The data:
§
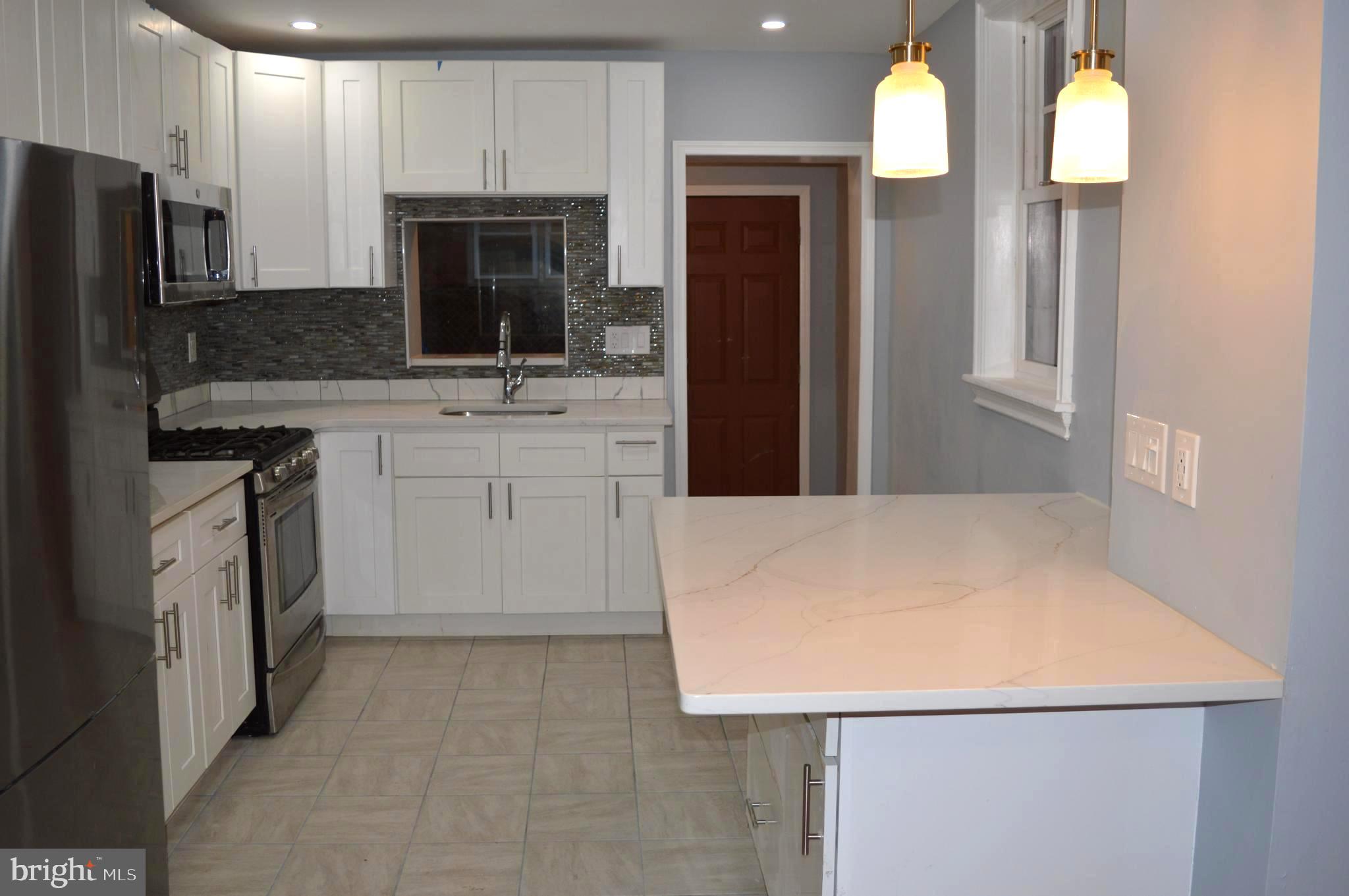 HARROWGATE - Residential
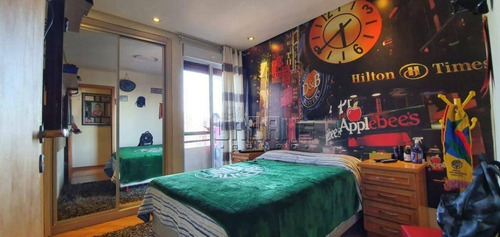 Imagem 20 de 22 de Apartamento À Venda Por R$ 720.000,00 - Jardim Bela Vista - Santo André/sp - Ap1539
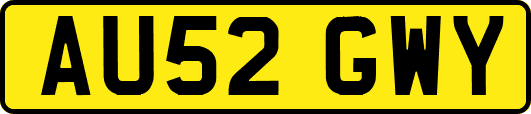 AU52GWY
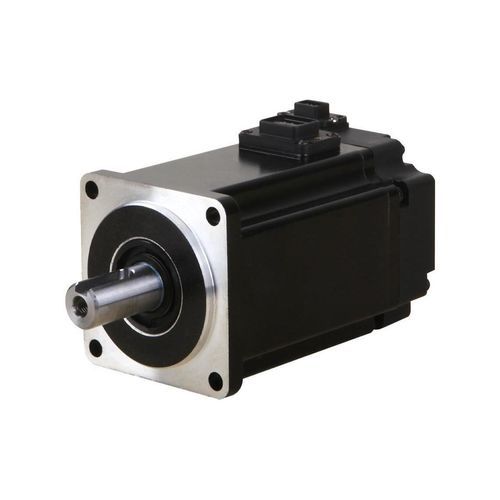 Серводвигатель AC - MS6H series - Xinje Electronic Co., Ltd. - 220 В / ультракомпактный / IP67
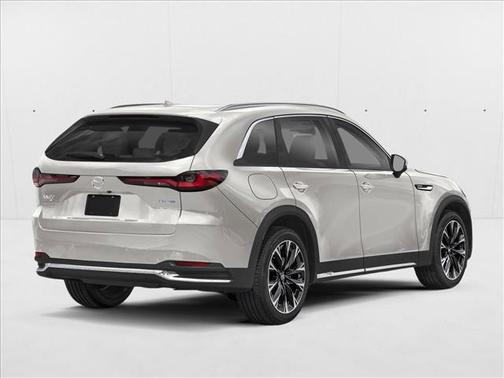 2026 Mazda CX-90 PHEV Premium Plus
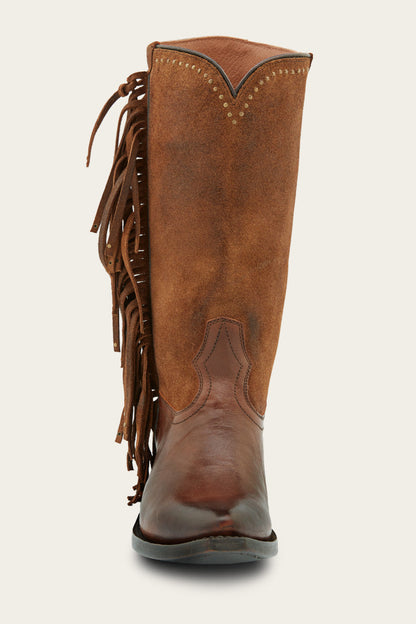 Sacha Tall Fringe - Frye Found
§
Work request:
Leave every picture out and copy precisely the lines from the one containing "Серводвигатель AC - MS6H" through the last line of the data above, both ends included.

Solved problem:
 Серводвигатель AC - MS6H series - Xinje Electronic Co., Ltd. - 220 В / ультракомпактный / IP67
 2026 Mazda CX-90 PHEV Premium Plus
 Sacha Tall Fringe - Frye Found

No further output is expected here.